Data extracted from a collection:
------------------------
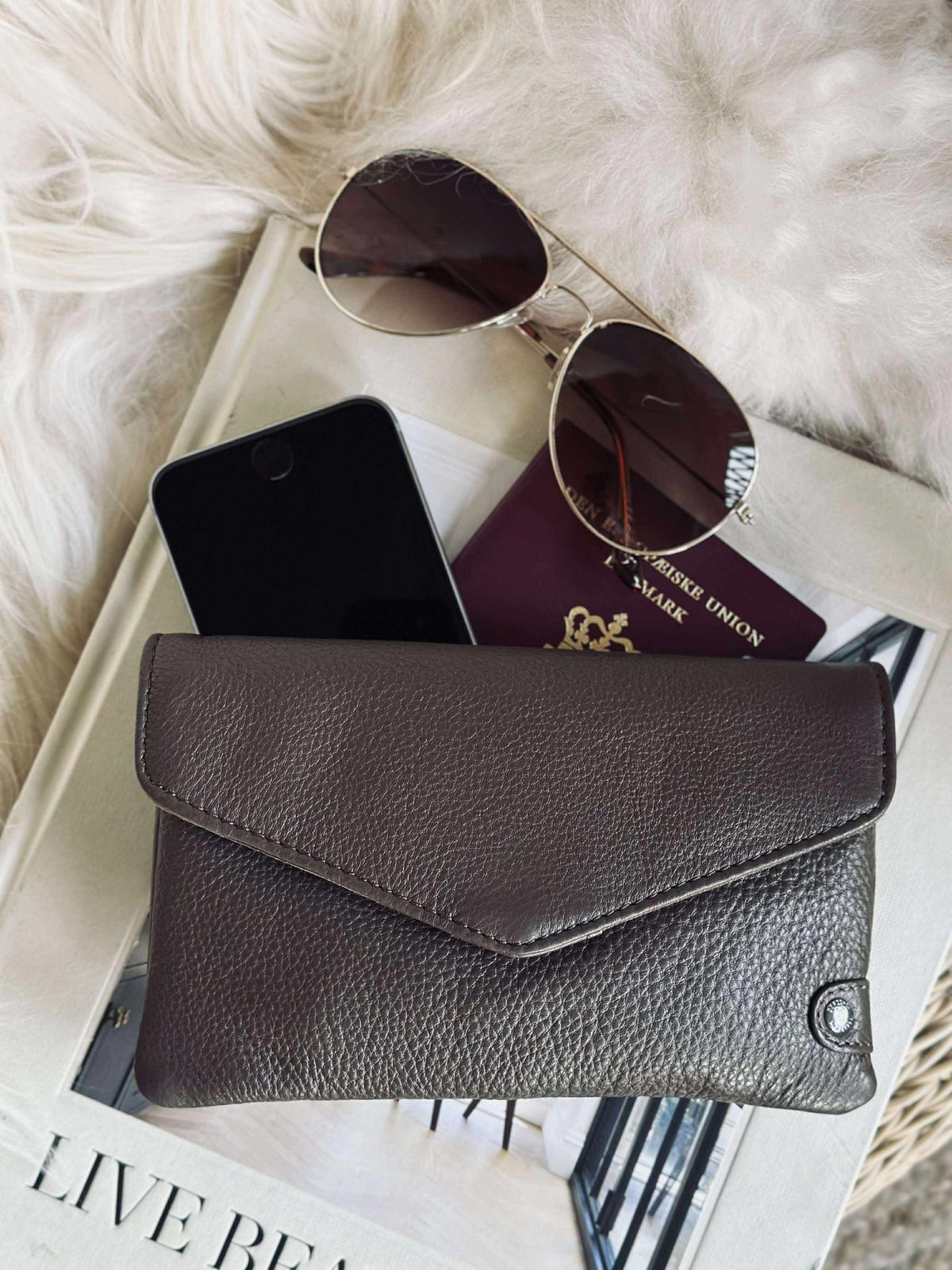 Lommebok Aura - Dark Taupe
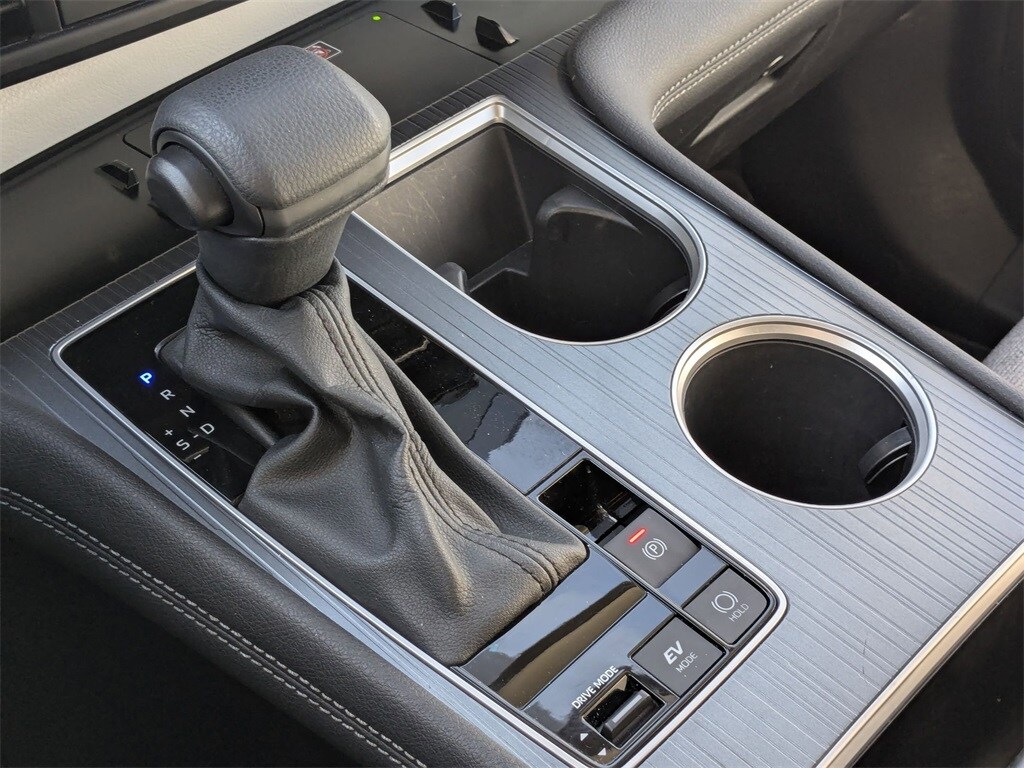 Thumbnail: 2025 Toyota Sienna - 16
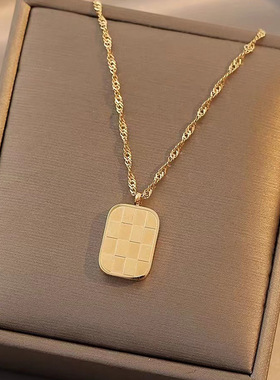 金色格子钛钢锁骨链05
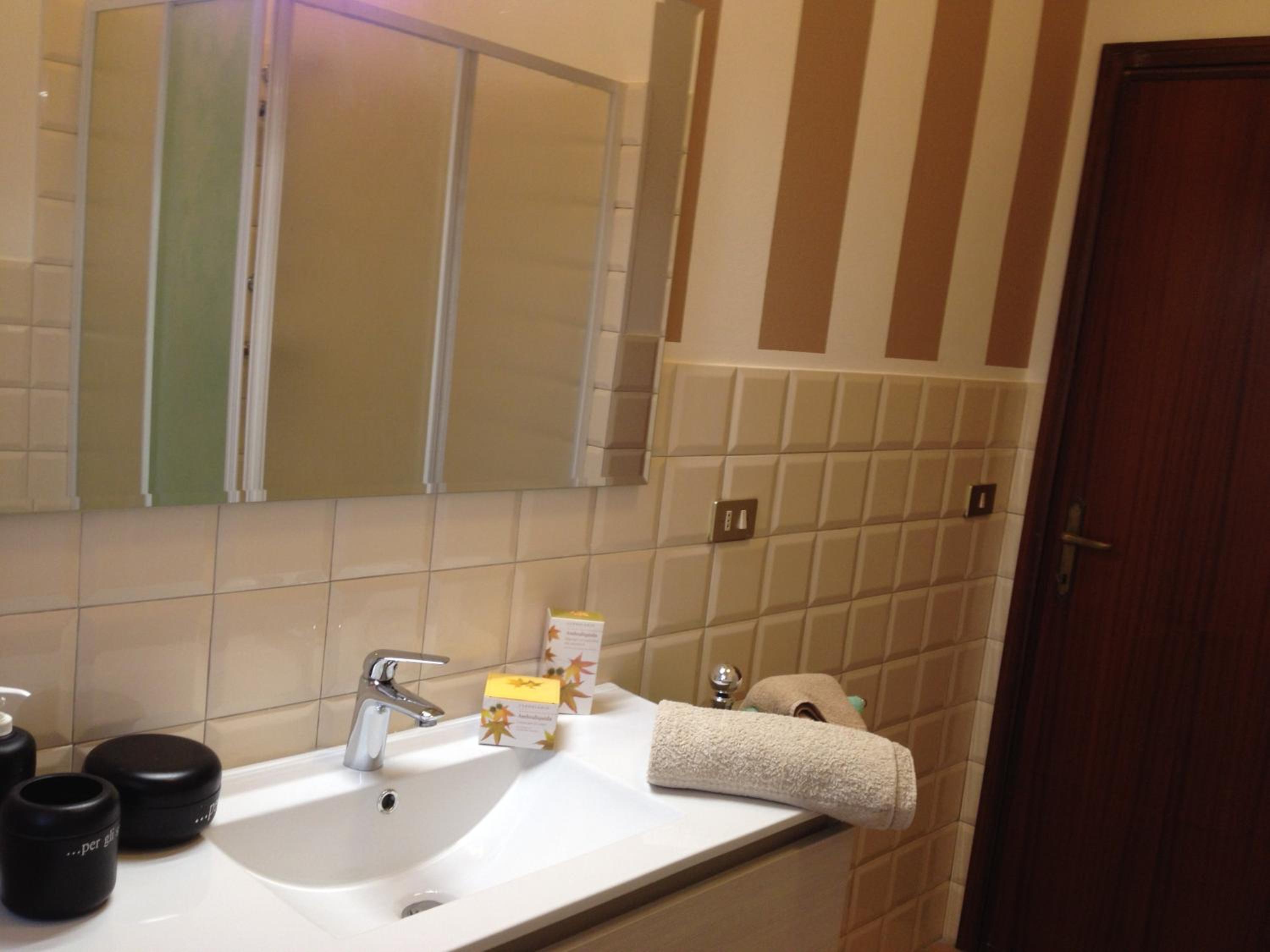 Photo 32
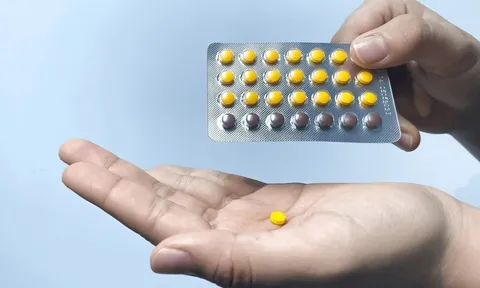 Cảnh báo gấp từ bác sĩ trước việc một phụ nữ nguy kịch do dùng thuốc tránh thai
------------------------
_REQUIRED ACTION_.
Beginning with the line where "金色格子钛钢锁骨链05" appears, transcribe the records above word for word through their last line, and include no pictures.

_RESULT FOR THIS TASK_.
 金色格子钛钢锁骨链05
 Photo 32
 Cảnh báo gấp từ bác sĩ trước việc một phụ nữ nguy kịch do dùng thuốc tránh thai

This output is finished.